During the "Gang War" storyline, Ringmaster gains control of Randalls and Wards Islands. He is briefly seen hypnotizing civilians to fight for him. Ringmaster's hypnotized civilians fight against Crime Master and the A.I.M. agents with him. As Spider-Man and Spider-Woman fight Crime Master, Ringmaster tries to hypnotize Elektra, only for her to resist the mind control and defeat him.

Ringmaster was revealed to have a daughter who became Ringmistress, wielding a copy of her father's hat and leading a separate incarnation of the Circus of Crime.

==Powers and abilities==
The Ringmaster possesses no inherent superhuman powers. His principal weapons are mind-controlling devices implanted in his hat and eyes. However, his hypnotism does not work on those who cannot see and can be neutralized with special glasses.

With the Cosmic Ring, Tiboldt gained the ability to alter reality in a 15 ft radius around him.

==In other media==
===Television===
- The Ringmaster appears in the "Incredible Hulk" segment of The Marvel Super Heroes, voiced by Rod Coneybeare.
- The Ringmaster appears in the Spider-Man episode "Carnival of Crime", voiced by G. Stanley Jones.
- The Ringmaster appears in The Avengers: United They Stand episode "Comes a Swordsman", voiced by Normand Bissonnette.
- The Ringmaster appears in The Super Hero Squad Show, voiced by Carlos Alazraqui.

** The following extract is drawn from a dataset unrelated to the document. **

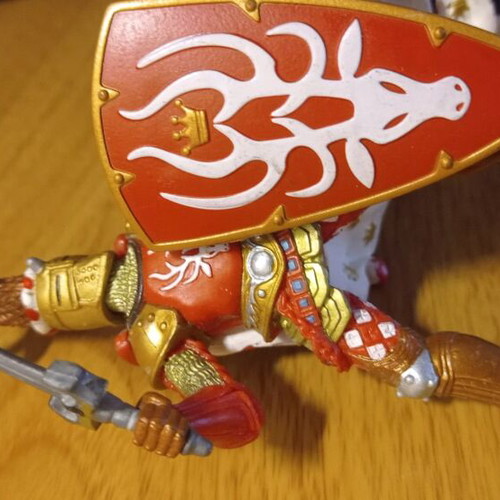 PAPO figure red knight with deer like new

This version is a member of Doctor Doom's Lethal Legion.
- The Ringmaster appears in the Avengers Assemble episode "Crime and Circuses", voiced by Fred Tatasciore. This version wields flamethrower gloves in addition to his top hat and can vanish in a cloud of smoke.
- Maynard Tiboldt appears in the Jessica Jones episode "AKA Sole Survivor", portrayed by Ben Van Bergen. This version is a hypnotherapist.

===Video games===
The Ringmaster appears as a non-playable character in Questprobe featuring Spider-Man.

===Miscellaneous===
The Ringmaster appears in Marvel's Wastelanders: Hawkeye, voiced by Joe Morton.